SOURCE RECORDS below:

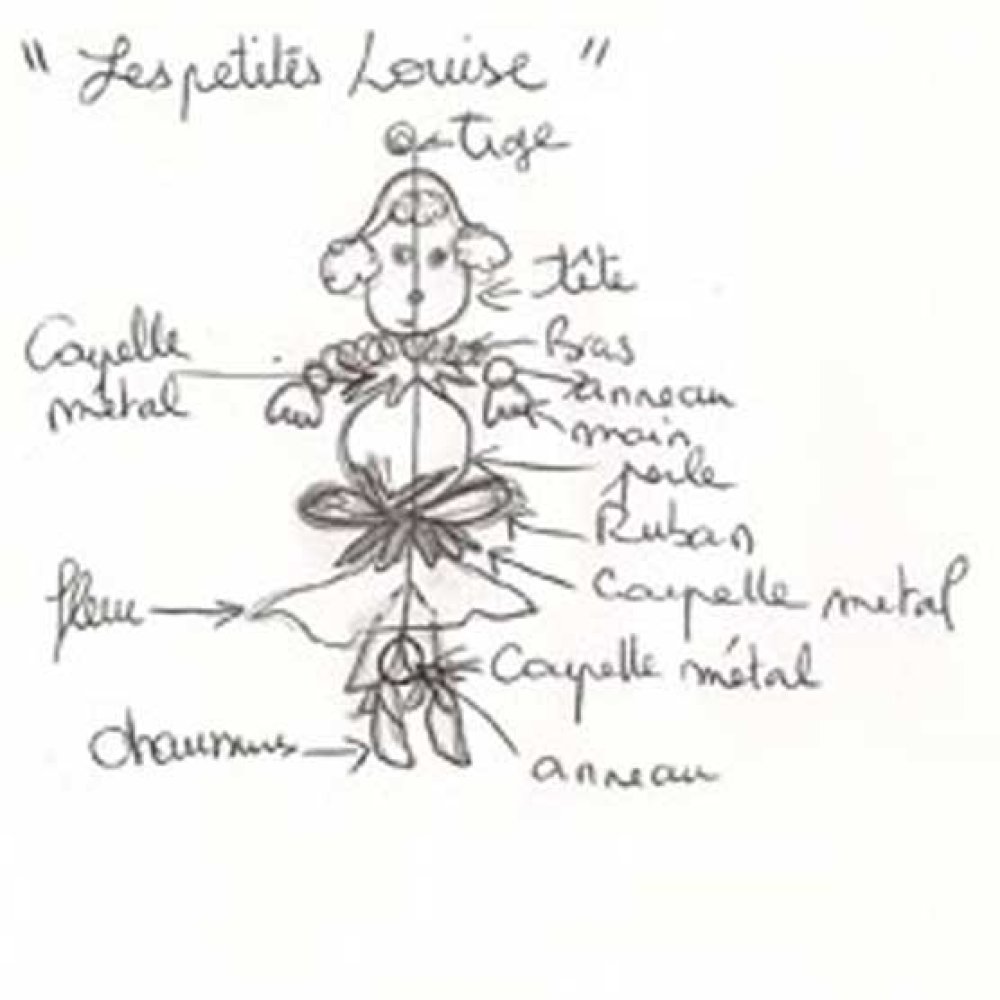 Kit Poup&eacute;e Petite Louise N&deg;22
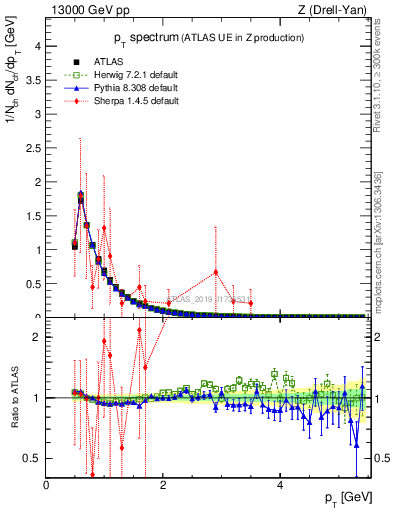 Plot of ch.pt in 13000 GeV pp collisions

End of SOURCE RECORDS.
SOURCE RECORDS below:

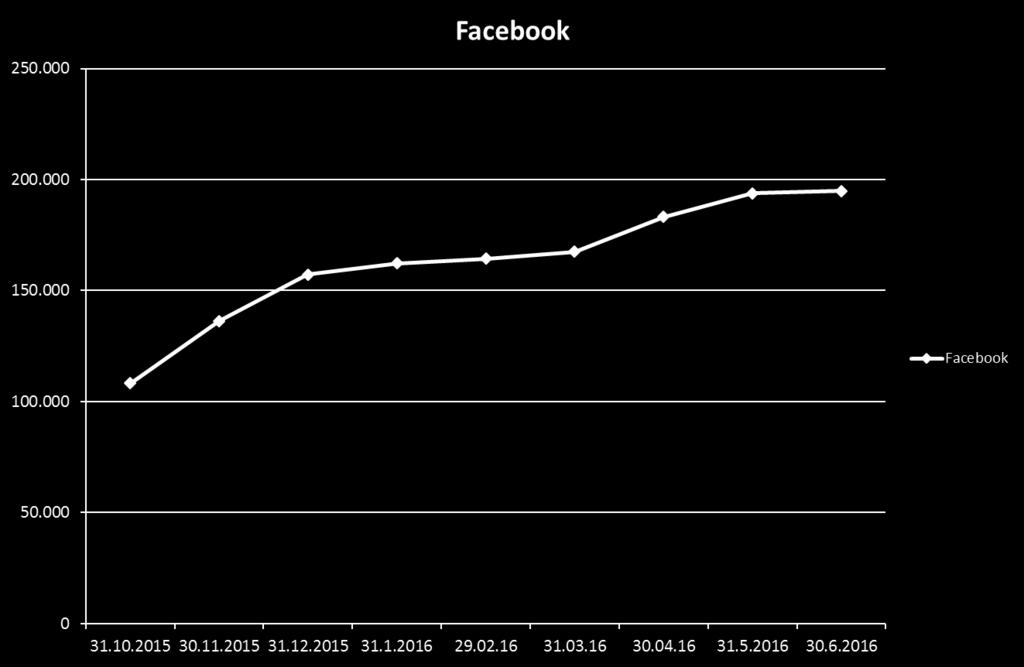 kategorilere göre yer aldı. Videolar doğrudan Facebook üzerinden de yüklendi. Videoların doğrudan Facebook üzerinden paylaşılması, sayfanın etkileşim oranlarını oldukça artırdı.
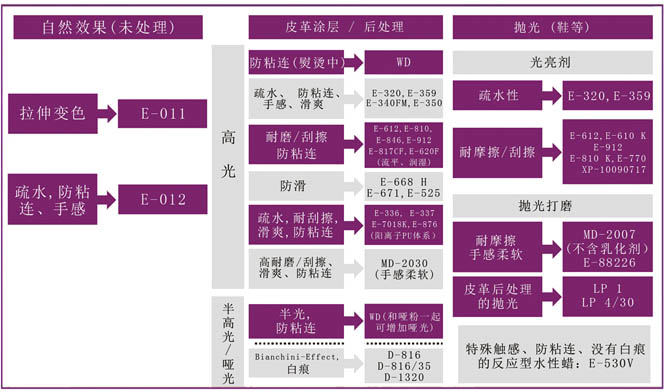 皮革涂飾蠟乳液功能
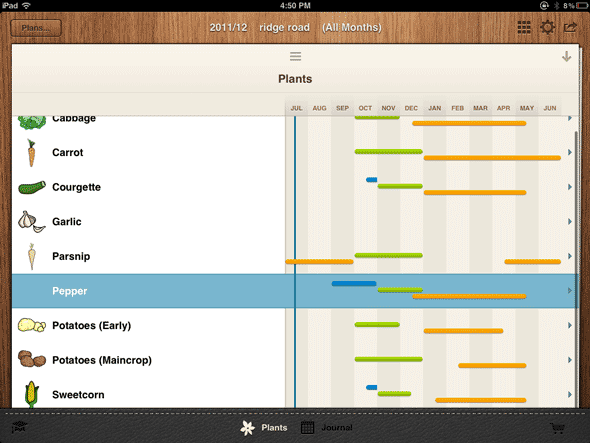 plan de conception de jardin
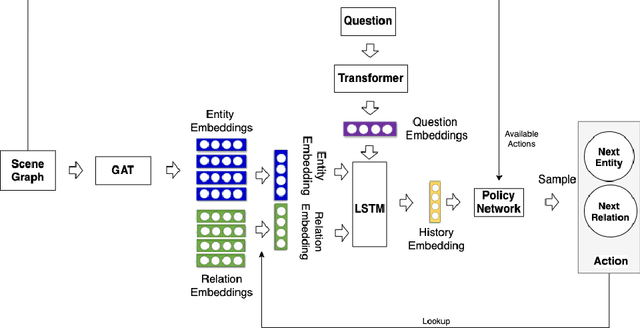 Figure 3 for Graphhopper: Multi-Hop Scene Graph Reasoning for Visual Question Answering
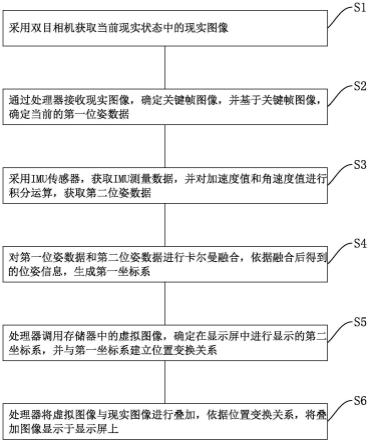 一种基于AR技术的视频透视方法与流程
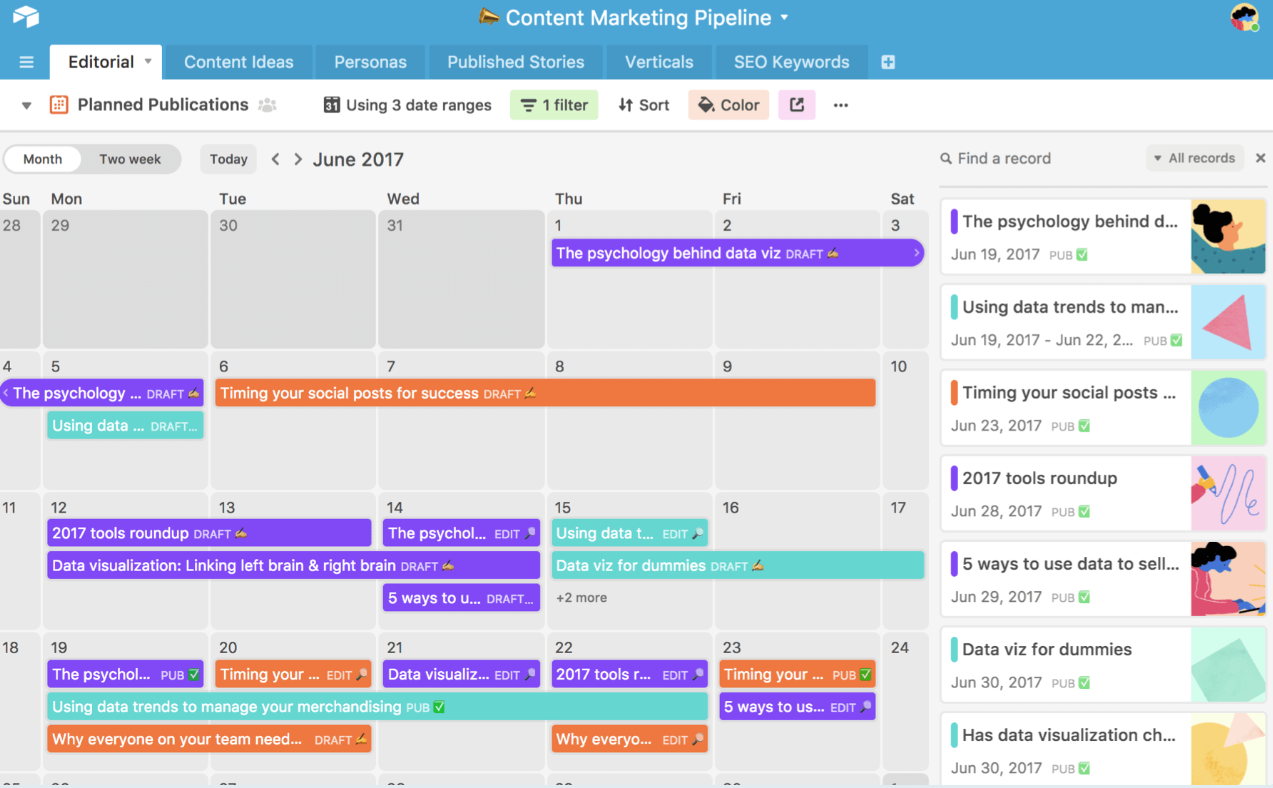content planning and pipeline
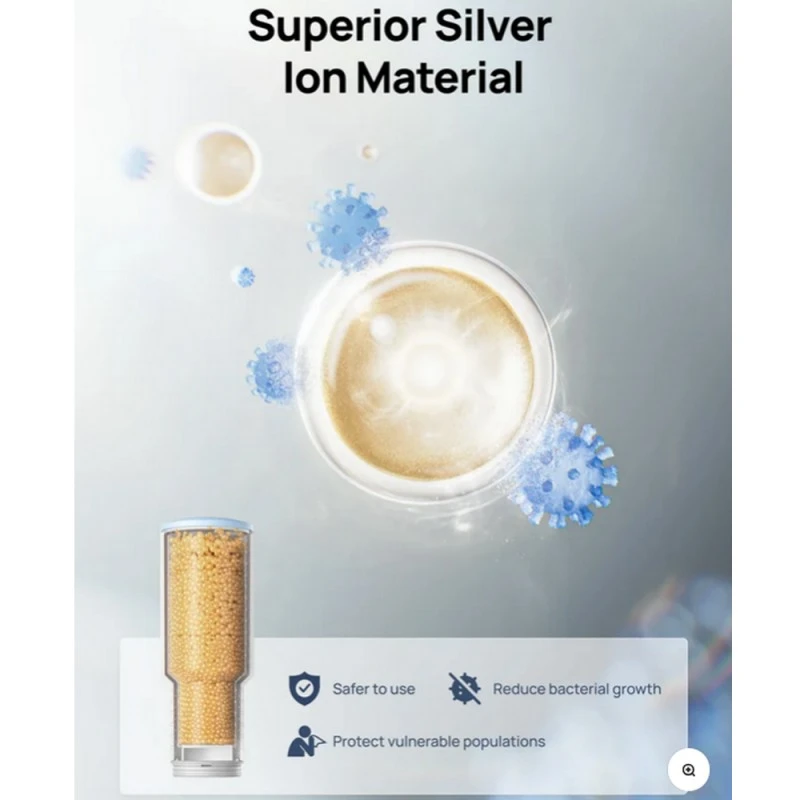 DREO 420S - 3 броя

End of SOURCE RECORDS.
SOURCE RECORDS below:

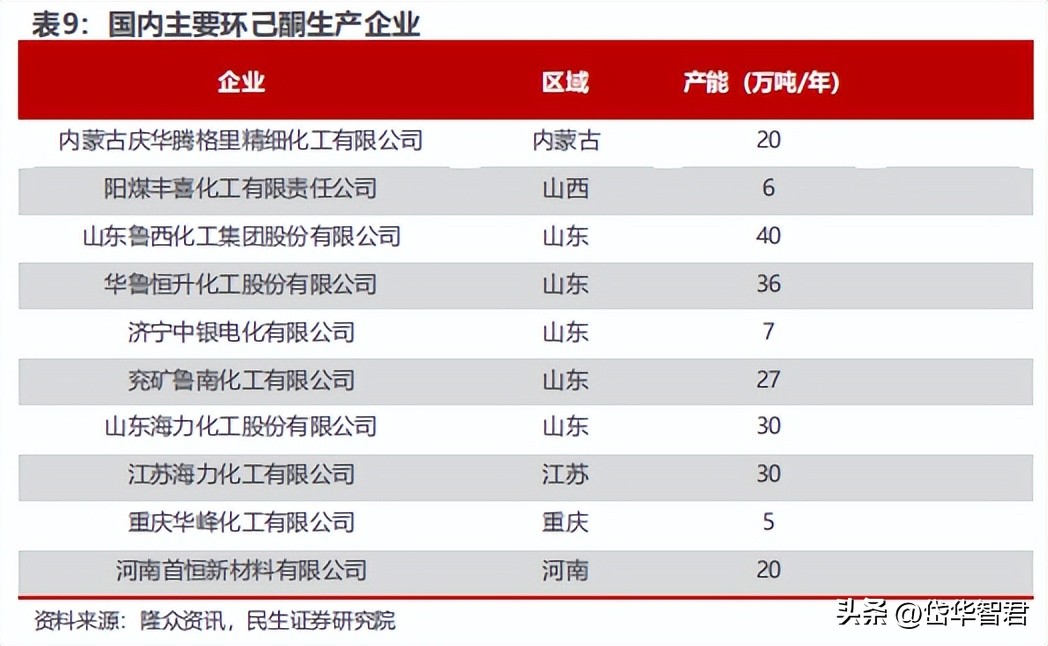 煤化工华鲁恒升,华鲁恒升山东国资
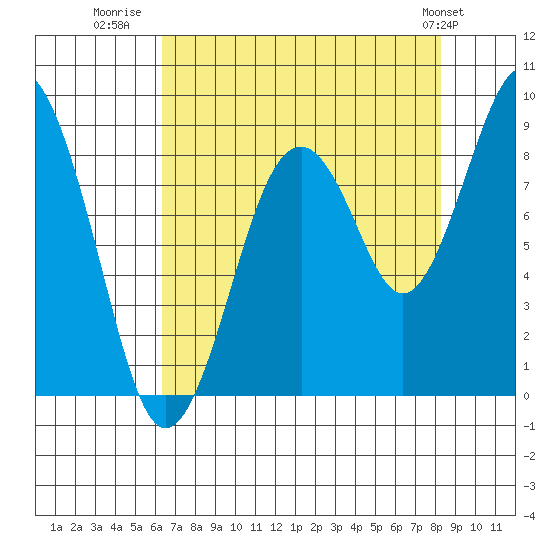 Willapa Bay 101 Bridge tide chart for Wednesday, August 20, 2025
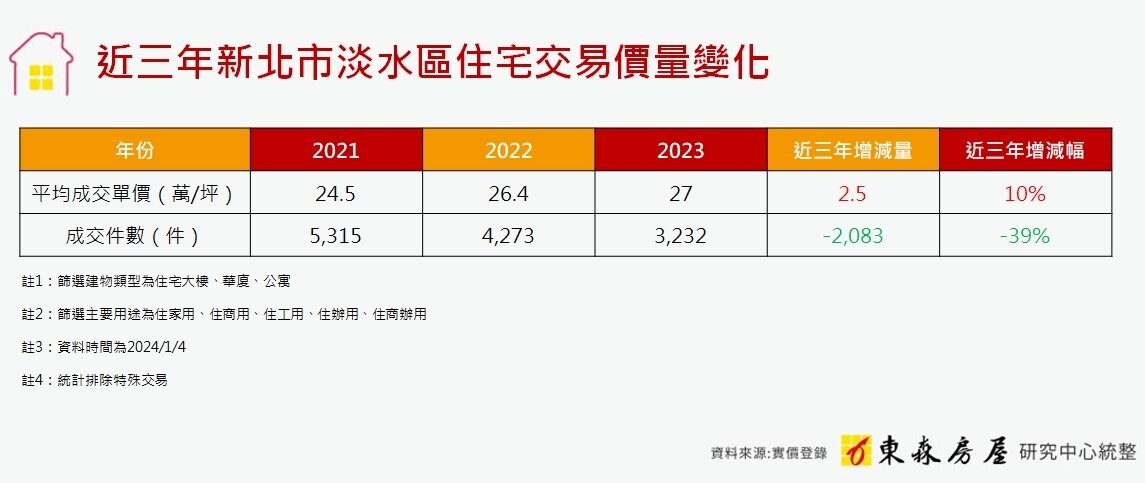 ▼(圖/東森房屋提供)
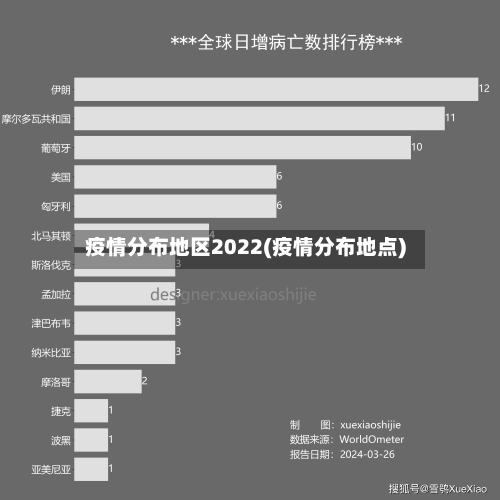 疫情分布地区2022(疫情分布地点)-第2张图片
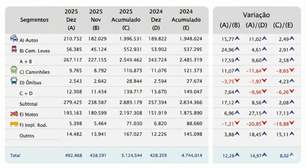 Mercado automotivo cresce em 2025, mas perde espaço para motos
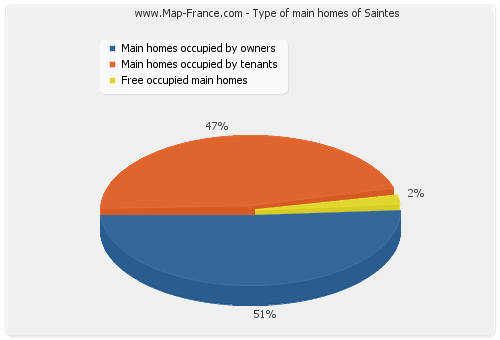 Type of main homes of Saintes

End of SOURCE RECORDS.

## WHAT YOU ARE ASKED TO DO
Within the listing above, print exactly the stretch beginning at the line that contains "煤化工华鲁恒升,华鲁恒升山东国资" and finishing at the line that contains "Type of main homes of Saintes", ends kept, pictures left out, and nothing more.

## COMPLETED EXERCISE
 煤化工华鲁恒升,华鲁恒升山东国资
 Willapa Bay 101 Bridge tide chart for Wednesday, August 20, 2025
 ▼(圖/東森房屋提供)
 疫情分布地区2022(疫情分布地点)-第2张图片
 Mercado automotivo cresce em 2025, mas perde espaço para motos
 Type of main homes of Saintes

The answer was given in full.